Knit!

Internal Windows

Akane Moriyama

Internal Windows

Architect and artist Akane Moriyama has built her practice on exploring how textiles can disrupt and reveal the hidden qualities of a space.

Internal Windows plays with the typology of the window: a frame that stands as the threshold between interior and exterior, and whose material qualities enable phenomena such as the refraction of light, distorted shadows and fogged glass. Utilising knitted textiles by Kvadrat Febrik, Internal Windows examines the potential of textiles to similarly frame our perspective of a space.

Within the installation, sheets of coloured Gentle 2 textile are rolled and placed within a semi-transparent volume that divides the space. As white light passes through the textile, the rolled tubes act as filters, tinting the other side of the space with colour washes. In Internal Windows, textiles become the medium through which a space is observed and defined.

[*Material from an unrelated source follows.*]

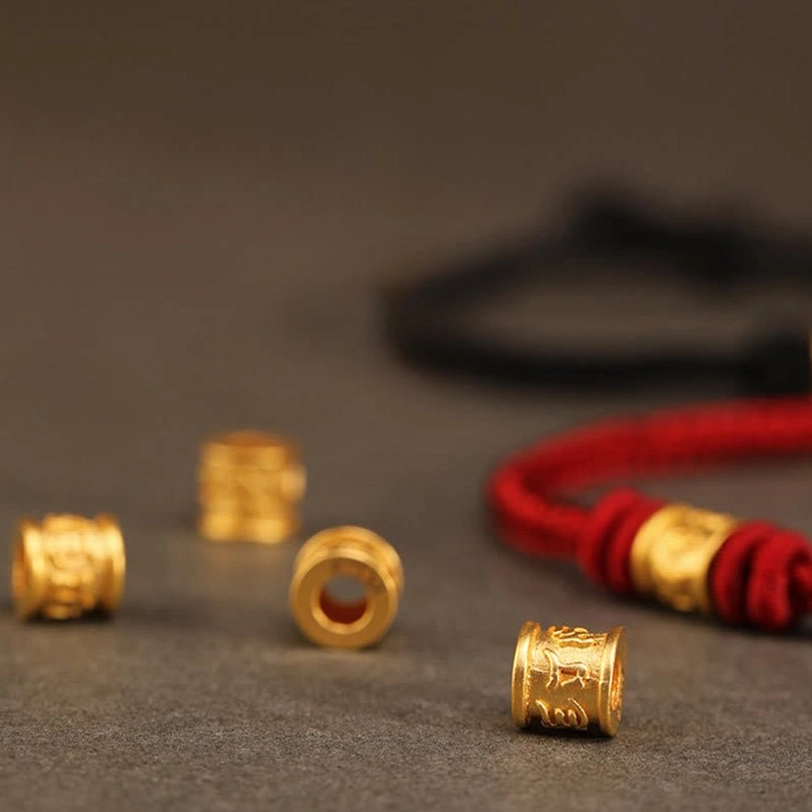 Multiple Tibetan om mani padme hum bracelet charms and red cord samples, showing craftsmanship variety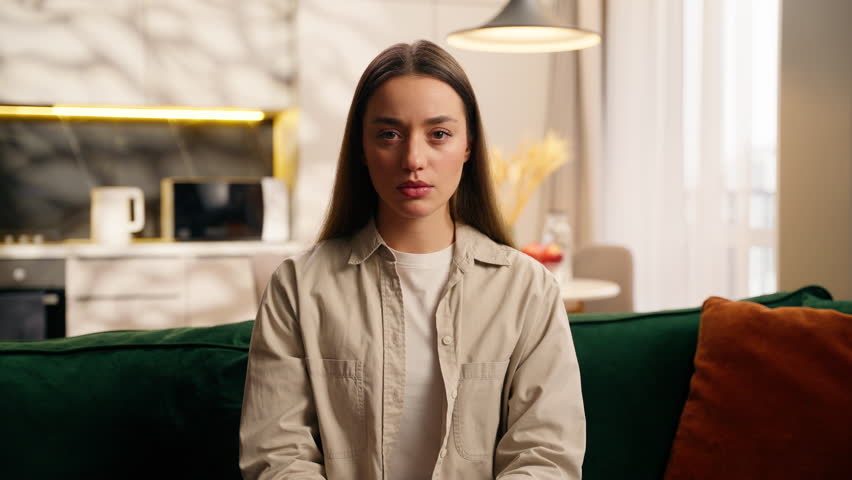 Close up portrait negative dissatisfied Caucasian woman girl holding hand stop no gesture shake head never forbidden sign deny reject European serious female looking at camera at home not palm symbol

Given her experience with textiles, Moriyama treated the Kvadrat Febrik knitted textiles as organic entities, stretching and shrinking the material as she worked with it. Ultimately, she settled upon rolling the textiles into soft curves that reveal their flexibility, as well as the different expressions of the textiles’ surface structures.

I was curious how the knitted fabrics would react to a space, the textile gives a direction.

- Akane Moriyama

Akane Moriyama

Akane Moriyama is a Stockholm-based artist and architect who uses techniques such as dyeing, knitting and weaving to intervene in architectural space. Her oeuvre comprises projects of varied scale, with notable examples including Curtain for O House (Kyoto, 2009), Cubic Prism (Texas, 2013), Curtain for Hirakata T-SITE (Osaka, 2016) and Azorean Spectrum Range (The Azores, 2017). She was a finalist for the Young Architects Program 2019 at MOMA PS1.